** Opening DATA EXTRACTS block **
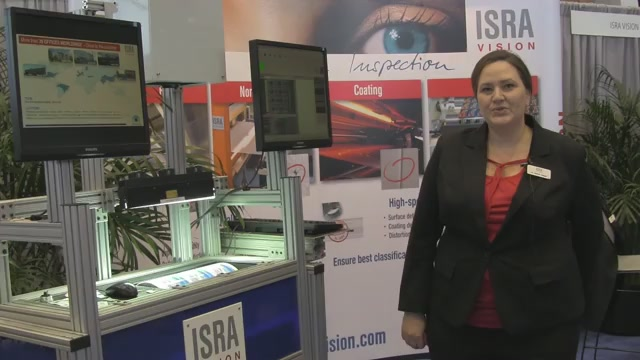 Pw 220887 Thumbnail 2 A31427d0 V2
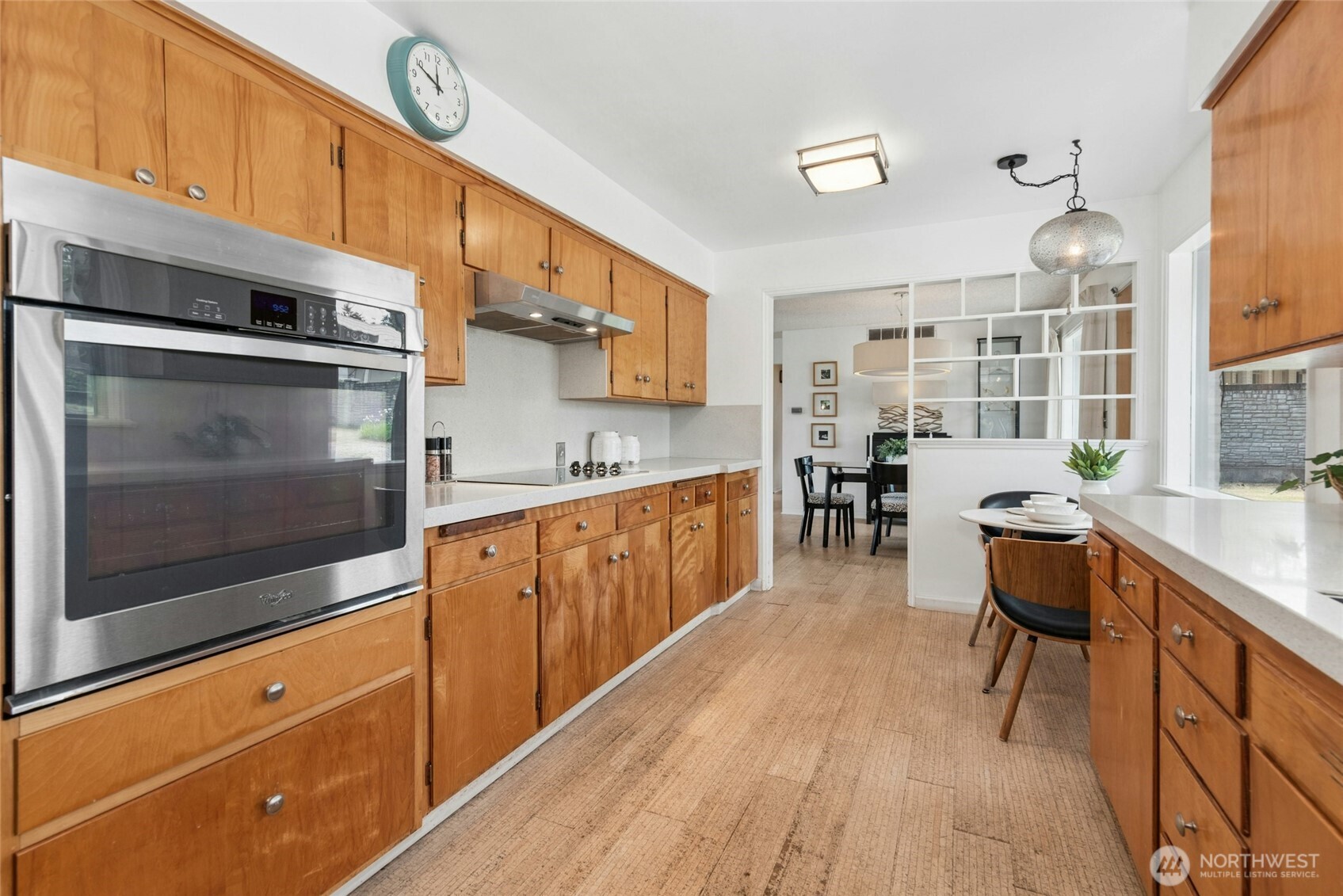 4612 View Drive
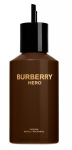 Parf&uuml;&uuml;m Burberry Hero Parfum t&auml;idised 200 ml Medienos Aromato Vyri&scaron;ki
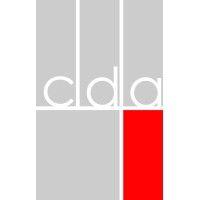 cda- ny logo image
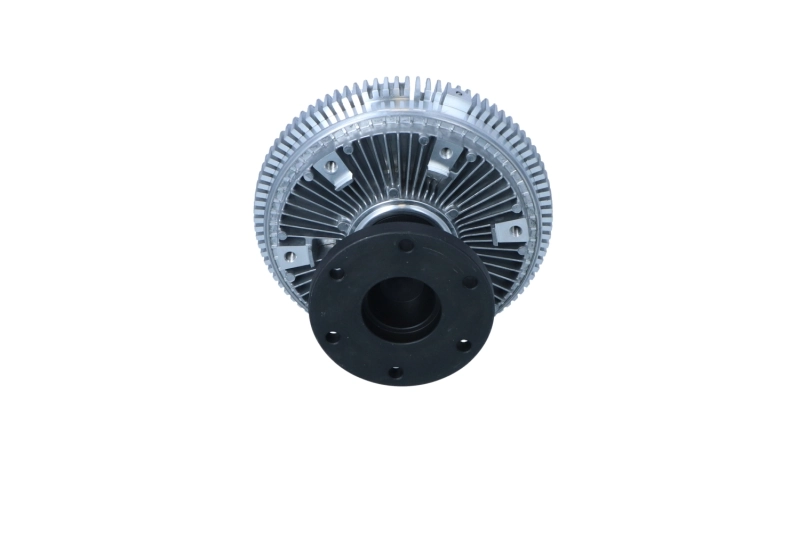 Вискозная муфта NRF 49052 цена, от 208.03 USD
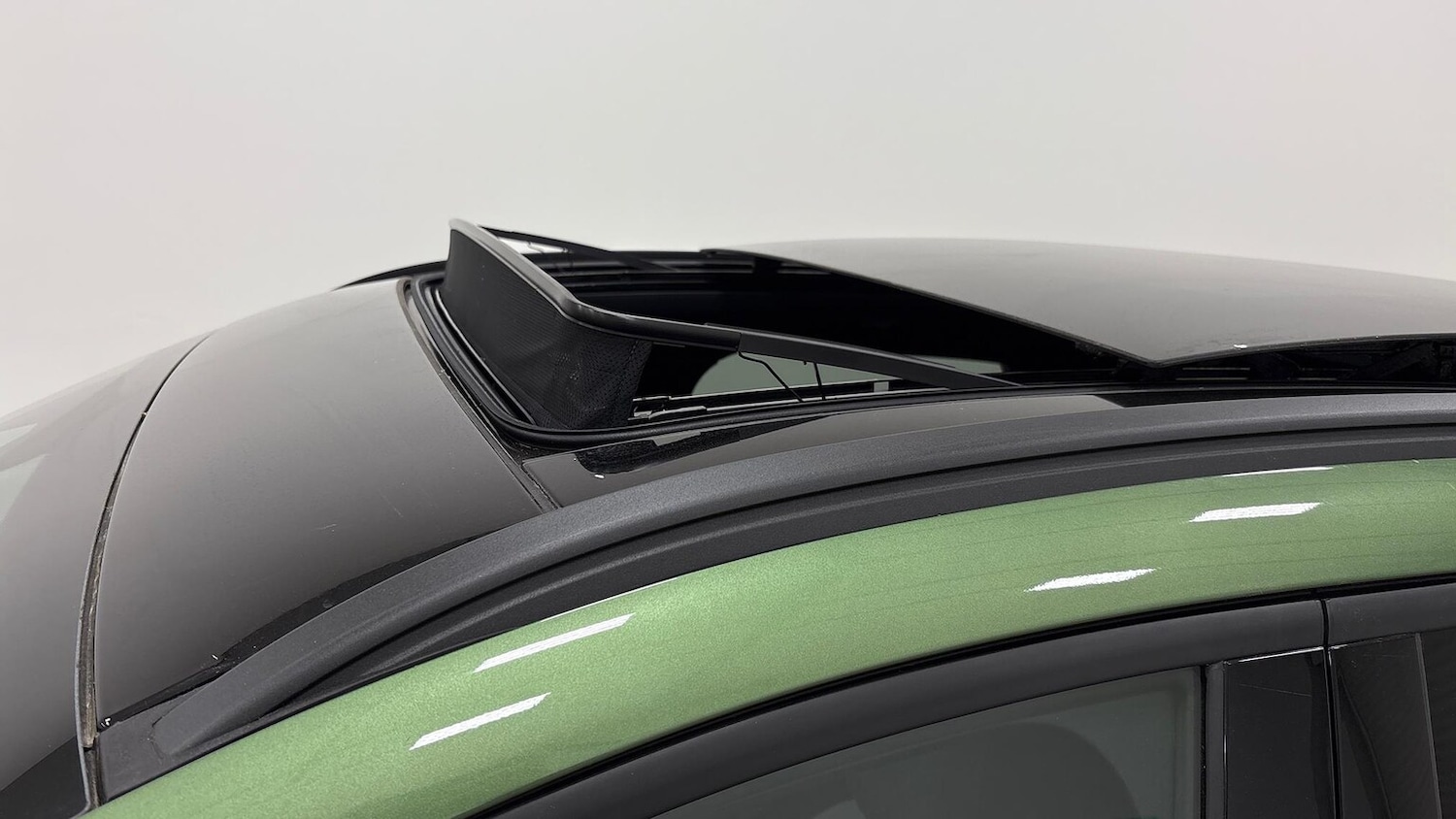 Used Ford Kuga 2024 for sale - 76521007: Photo 27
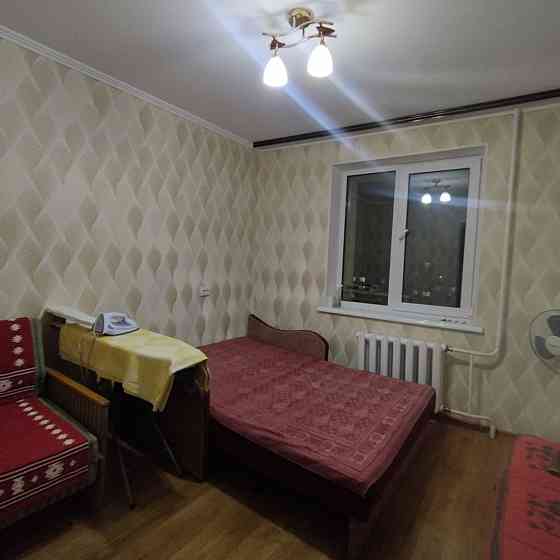 Оренда 3х.ком.Ляля Ратушна 77 Винница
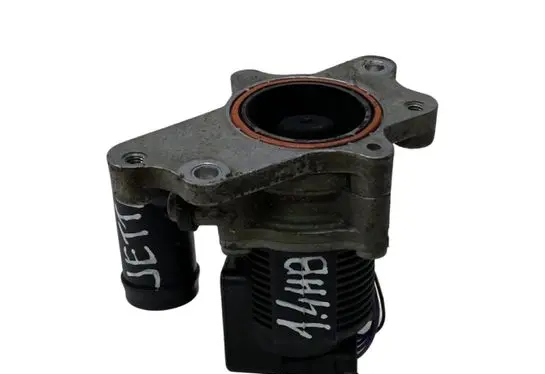 Volkswagen Jetta VI EGR valve 04E131097D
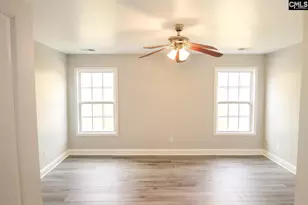 248 Hackamore Ln, Camden, SC 29020 - Photo 24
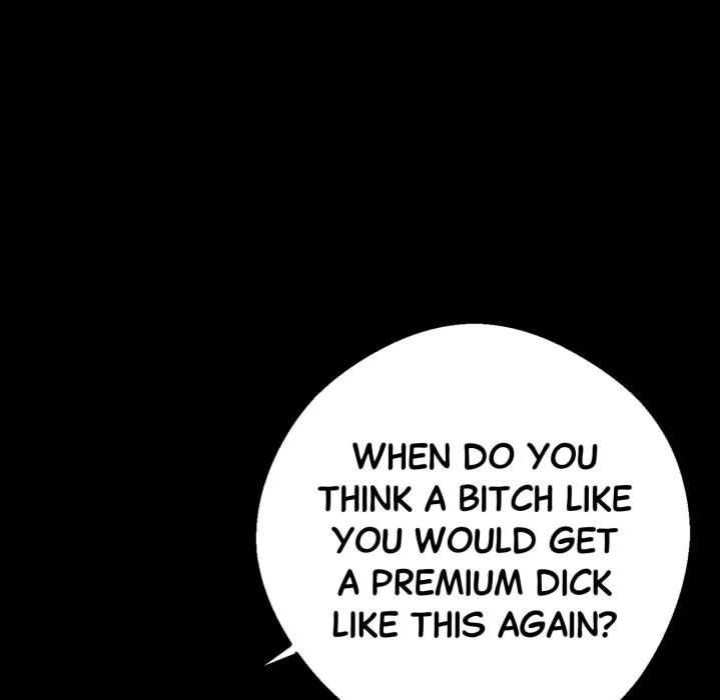 Gangster x Office Lady - Chapter 35 - picture 99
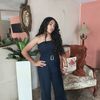 marianela.clavell3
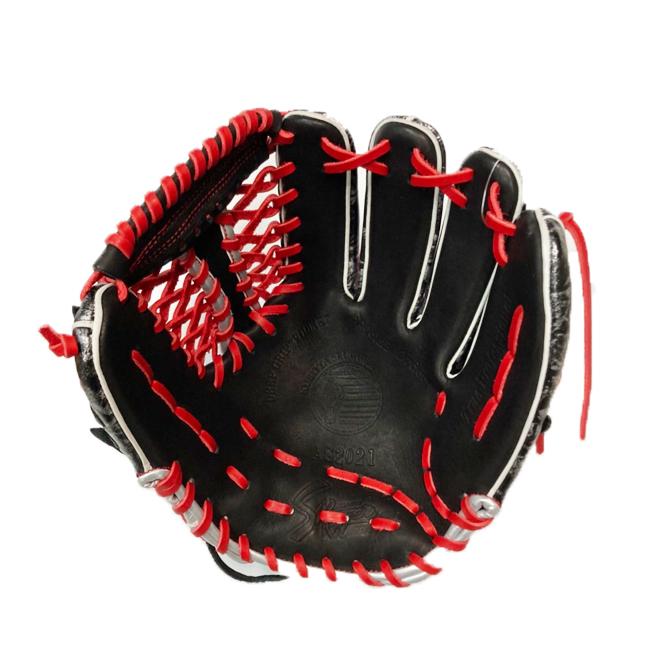 久保田スラッガー 軟式グローブ オールスター2021年モデル 久保田スラッガー 久保田スラッガー 軟式グローブ 限定品 2021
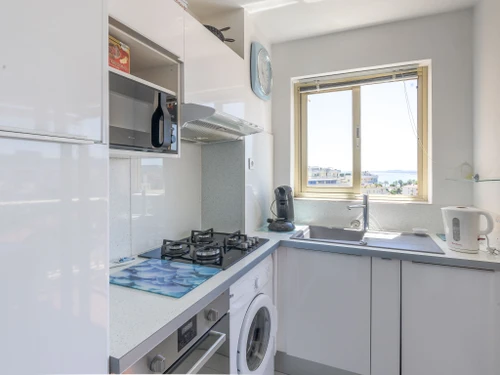 Ferienwohnung Cagnes-sur-Mer, Studio, 2 Personen - photo_14802807426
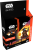 SWU-SWH07-Carbonite-Display-Left.png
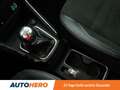 Ford EcoSport 1.0 EcoBoost ST-Line *NAVI*BI-XENON*TEMPO*CAM*PDC* Schwarz - thumbnail 24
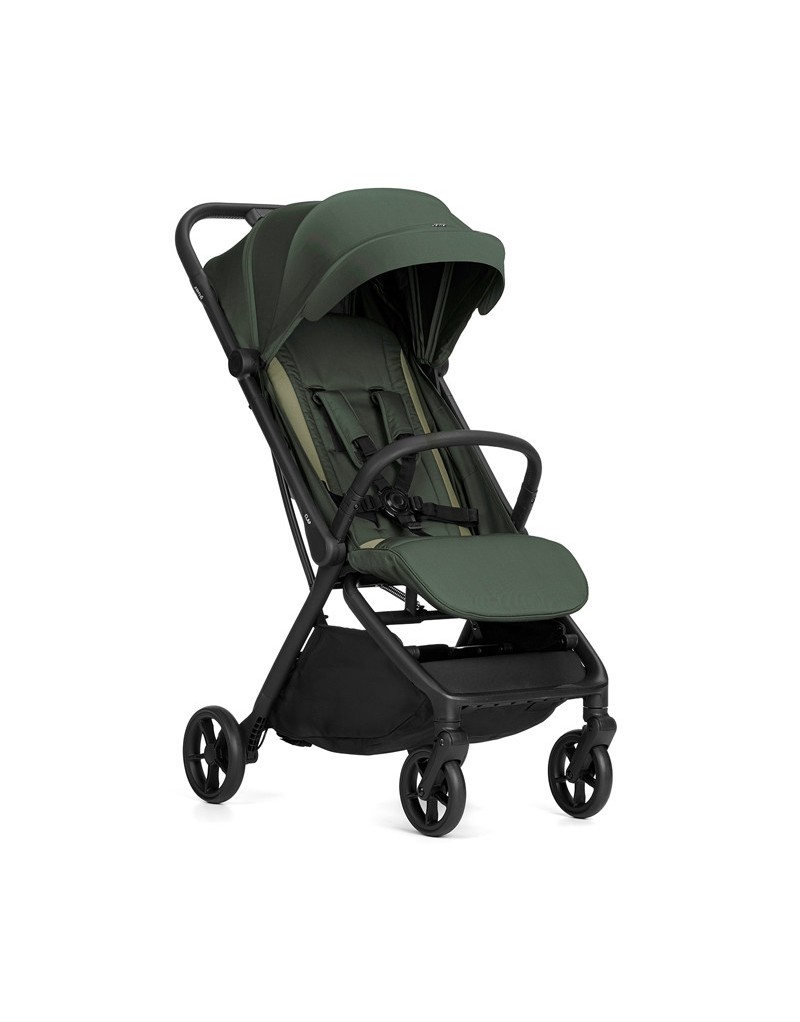 SILLA DE PASEO CLAP 3 BOTANIC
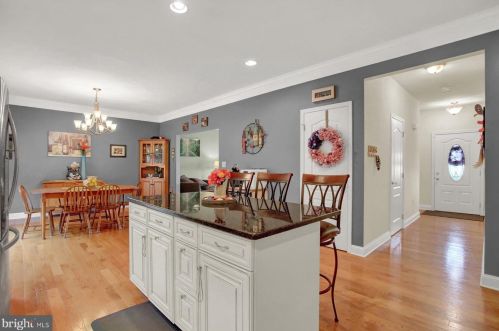 385 Thoroughbred Dr, York Haven PA  exterior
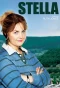 Poster for Stella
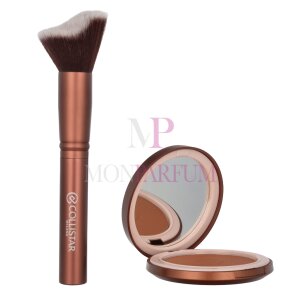 Collistar Bronzing Powder Set 10g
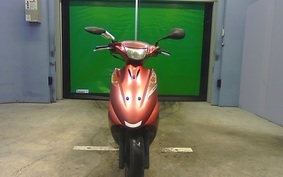 SUZUKI ADDRESS V125 G CF4EA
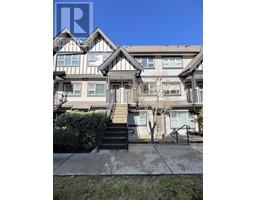 36 730 FARROW STREET, Coquitlam, British Columbia
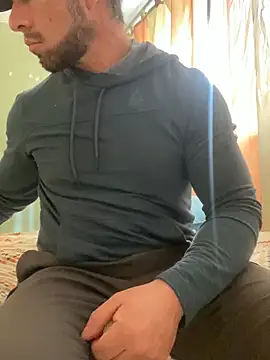 Snapshot of FumesClouds chatting on 01-16-25, 10:34 FumesClouds online show from 01-16-25, 10:34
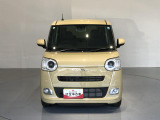 DAIHATSUディーラーならではの整備と保証が充実しております☆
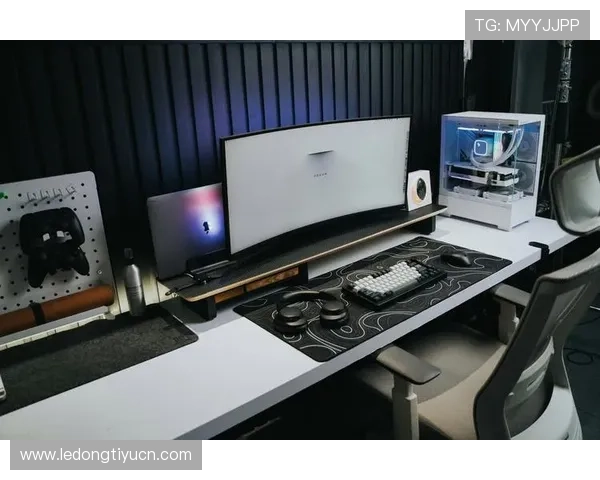 新宝娱乐多样化游戏类型推荐，满足不同玩家的娱乐需求打造属于你的专属游戏世界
** Closing DATA EXTRACTS block **
ACTION ITEM ▸
Return every line shown above without changing a word, and skip the pictures.

REPLY TO THE TASK ▸
 Pw 220887 Thumbnail 2 A31427d0 V2
 4612 View Drive
 Parf&uuml;&uuml;m Burberry Hero Parfum t&auml;idised 200 ml Medienos Aromato Vyri&scaron;ki
 cda- ny logo image
 Вискозная муфта NRF 49052 цена, от 208.03 USD
 Used Ford Kuga 2024 for sale - 76521007: Photo 27
 Оренда 3х.ком.Ляля Ратушна 77 Винница
 Volkswagen Jetta VI EGR valve 04E131097D
 248 Hackamore Ln, Camden, SC 29020 - Photo 24
 Gangster x Office Lady - Chapter 35 - picture 99
 marianela.clavell3
 久保田スラッガー 軟式グローブ オールスター2021年モデル 久保田スラッガー 久保田スラッガー 軟式グローブ 限定品 2021
 Ferienwohnung Cagnes-sur-Mer, Studio, 2 Personen - photo_14802807426
 SWU-SWH07-Carbonite-Display-Left.png
 Ford EcoSport 1.0 EcoBoost ST-Line *NAVI*BI-XENON*TEMPO*CAM*PDC* Schwarz - thumbnail 24
 SILLA DE PASEO CLAP 3 BOTANIC
 385 Thoroughbred Dr, York Haven PA  exterior
 Poster for Stella
 Collistar Bronzing Powder Set 10g
 SUZUKI ADDRESS V125 G CF4EA
 36 730 FARROW STREET, Coquitlam, British Columbia
 Snapshot of FumesClouds chatting on 01-16-25, 10:34 FumesClouds online show from 01-16-25, 10:34
 DAIHATSUディーラーならではの整備と保証が充実しております☆
 新宝娱乐多样化游戏类型推荐，满足不同玩家的娱乐需求打造属于你的专属游戏世界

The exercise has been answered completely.